İyot eksikliği önlenebilir zeka geriliğinin önde gelen nedenlerinden
biridir. Kişiyi anne karnından başlayarak tüm yaşamı boyunca
olumsuz etkiler.
İyot yetersizliğine bağlı hastalıklarda özellikle doğurganlık
çağındaki kadınlar, gebeler, bebekler ve çocuklar risk altındadır. Bebek ve
çocuklarda; büyüme ve gelişme geriliğine, zeka düzeyinin akranlarına göre en az
13.5 puan daha düşük olmasına neden olur. İyot yetersizliği gebelerde düşük ve
ölü doğum riskinde artışa neden olduğu gibi her yaş grubunda guatr
hastalığına neden olabilmektedir.
Önemli bir halk sağlığı sorunu olan iyot yetersizliği hastalıklarının
önlenmesine yönelik olarak, 1994 yılından beri Kurumumuz-UNICEF
işbirliğinde “İyot Yetersizliği Hastalıklarının Önlenmesi ve Tuzun
İyotlanması Programı” yürütülmektedir.
1998 yılında hazırlanan tuz tebliği ile tüm sofra tuzlarının iyot ile
zenginleştirilmesi sağlanmıştır. Bu tebliğe göre sofra tuzu: Doğrudan son tüketiciye
sunulan, ince öğütülmüş, iyotla zenginleştirilmiş, rafine edilmiş veya
edilmemiş işlenmiş tuzu tanımlamaktadır.
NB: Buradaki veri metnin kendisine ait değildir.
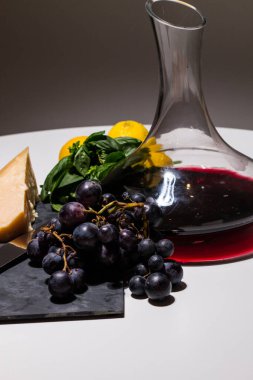 Beyaz arka planda az miktarda şarap, üzüm ve parmesan peyniri (italyan peyniri) içerir. Taze meyve ve peynir ve lezzetli bir İtalyan şarabı. Sağlıklı ve geleneksel İtalyan yemekleri..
Sofra tuzuna 25-40 mg/kg oranında
potasyum iyodat katılması zorunludur.
Eğitim, bilgilendirme, bilinçlendirme, izleme ve denetimler ile iyotlu tuz
kullanımında artış görülmüştür. 1995 yılında yapılan çalışmada iyotlu tuz
kullanım oranı 18,2 iken bu sayı 2008 yılında 85,4’e yükselmiştir. (Türkiye
Nüfus Sağlık Araştırması)
Ülkemizde iyotlu tuz kullanımını yaygınlaştırmak, toplum bilinci oluşturmak ve
81 il bazında konuyu gündeme getirmek amacı ile Haziran ayının ilk
haftası (1-7 Haziran İyot Yetersizliği Hastalıkları Haftası olarak
belirlenmiştir. Hafta boyunca tüm illerimizde halka yönelik çeşitli
etkinliklerle konunun önemi aktarılmaktadır. Bu çalışmalarla iyotlu tuz
kullanımında elde edilen başarının devam etmesi amaçlanmaktadır.